Last week both, globally and domestically markets faced huge volatility. Nifty at the end of the week was down by 2.1% Europe was down by around 1.5 to 2% while US dow Jones was up by 1.4%. Europe and US did better primarily on the back of rally last Friday after closing of Indian market. The rally was on account of some improvement in EU macro environment.

Volatility emerged primarily on account of rising bond yield in Italy suggesting – Italy may go Greece’s way. Mind you, Italy is 10 times bigger than Greece and when EU leaders are facing uphill task containing Greece’s issue. For them Italy may become impossible and the worst fear of an unsystematic default in Europe inducing contagion may take place. For market participants, this is like re-leaving post Lehman day’s horror. 

Thankfully on Friday some sanity looks possible back as far as Europe is concerned. Greece finally has a coalition government led by former central banker Lucas Papademos. And Italian Premier Mr. Berlusconi,   who was an obstacle to serious economic reforms in Italy, has resigned.  

Markets have become highly dependent on news flows. And nature of news is varying almost on a daily basis, making investment and trading difficult. One data point that helps us track this uncertainty and be ahead of curve is European money market. In fact, among all kind of financial market- it is money market that gives first hint of risk. Currently EUROBOR-OIS spread becomes important in this regard. This spread had fallen to 70 after making high of 86 in the beginning of October that helped global market rally in the month of October. But recently it made new high of 91 when Italy issue cropped up and consequently start of November had been bad. Now last Friday it has fallen to 86. Analytically, our assumption is that, only if this spread crosses 100- it will suggest emergence of contagion in Europe. 

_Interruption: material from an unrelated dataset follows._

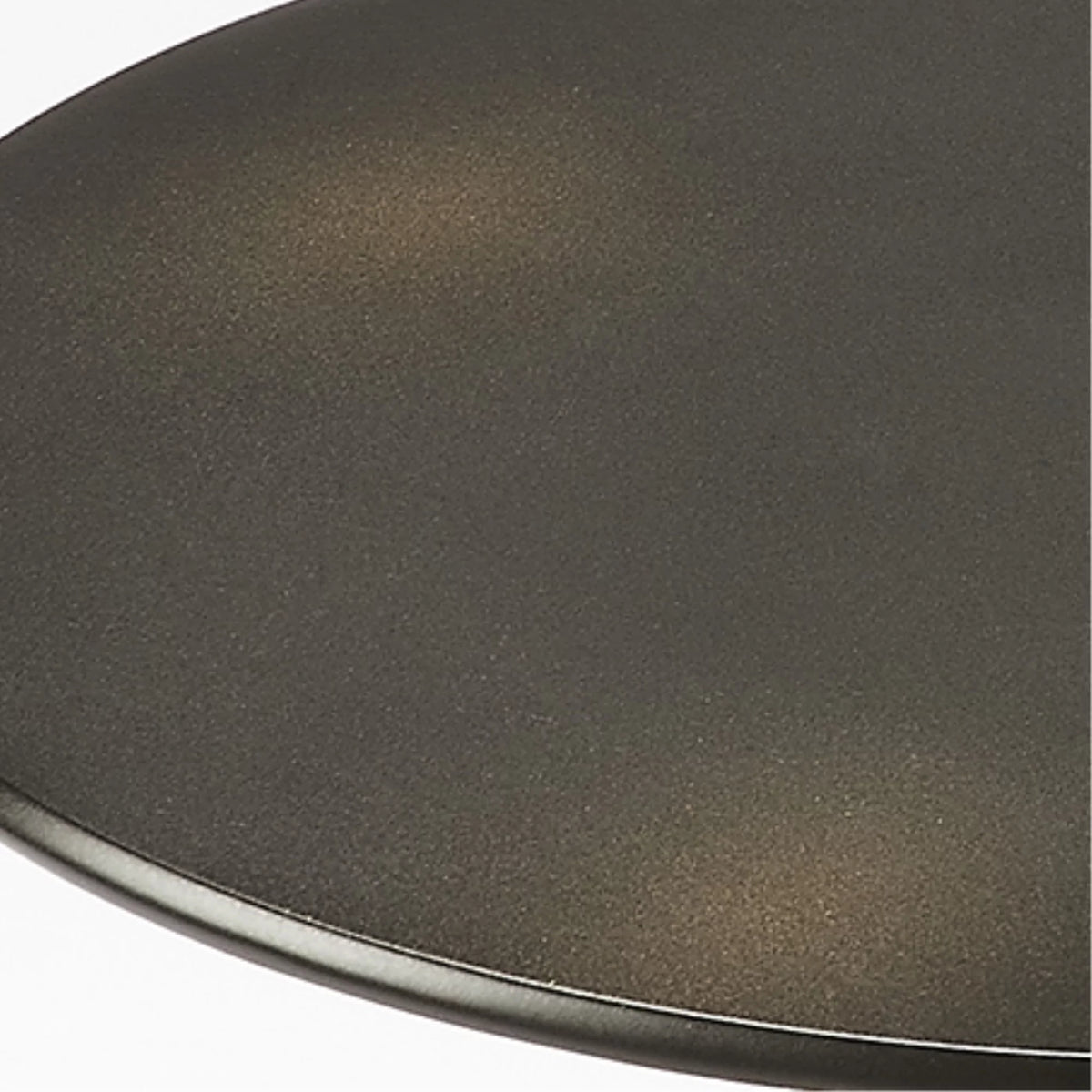 Black Iron Pedestal End Table W44669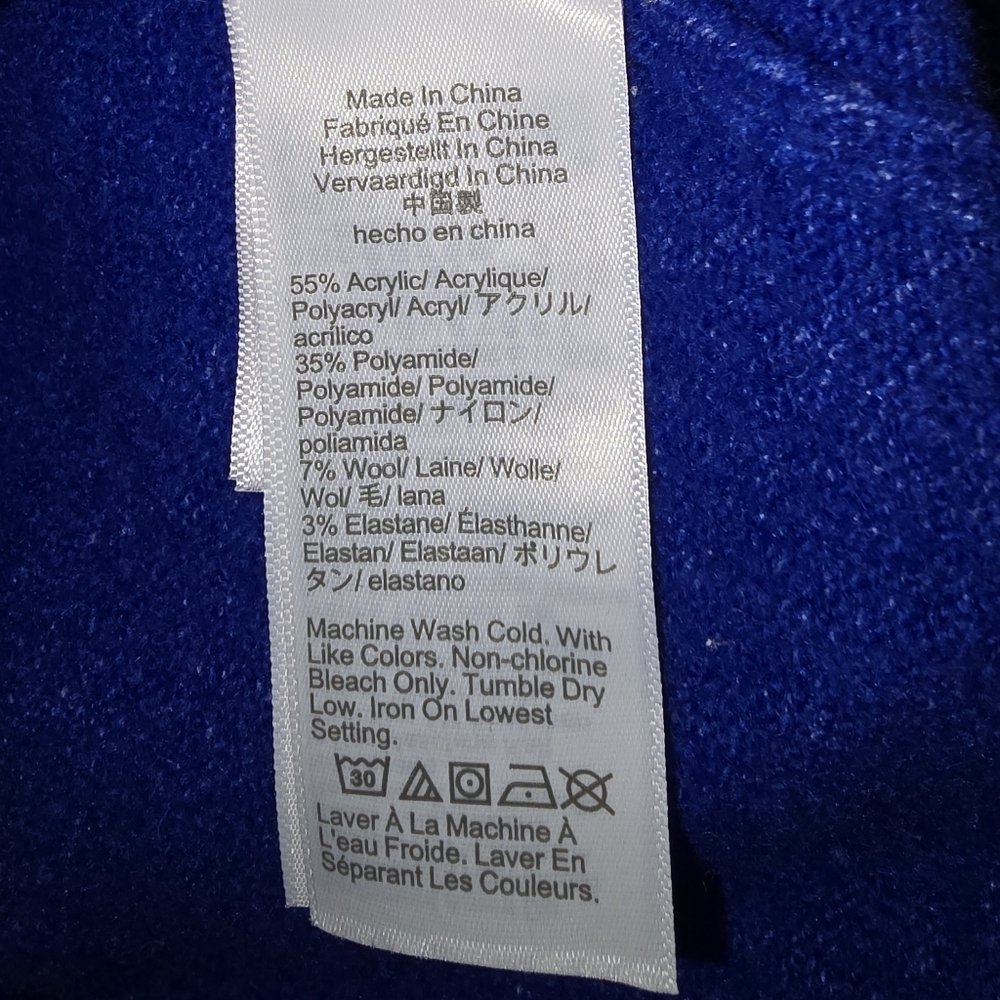 J.Crew Women’s Extra-Soft Blue Knit Sweater Pullover Acrylic Polyamide Size M - Picture 8 of 8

Domestically, Gloomy corporate results and weak IIP numbers caused Index to close below 5200 at 5168. In fact Indian market has become more so dependent on the global flow, as domestically whatever that could have one gone wrong, has gone wrong on macro and policy front.

In terms of on-going Q2 results, SBI good headline numbers but bank’s net non-performing assets to net advances has increased to 2.04% from 1.7% a year ago and is highly alarming.

Among other results, Tata Steel and Hindalco reported lower than expectation results due to global uncertainties and higher raw material prices.

Going forward, we understand high risk nature of current market structure, but that is nothing new for equity market and this high risk going forward will certainly result in high returns, if one invests with discipline. We recommend buying diversified funds as well as selective large cap stocks. On declines, consumer staples stocks Hindustan Lever, Colgate and Gillette looks attractive for investment.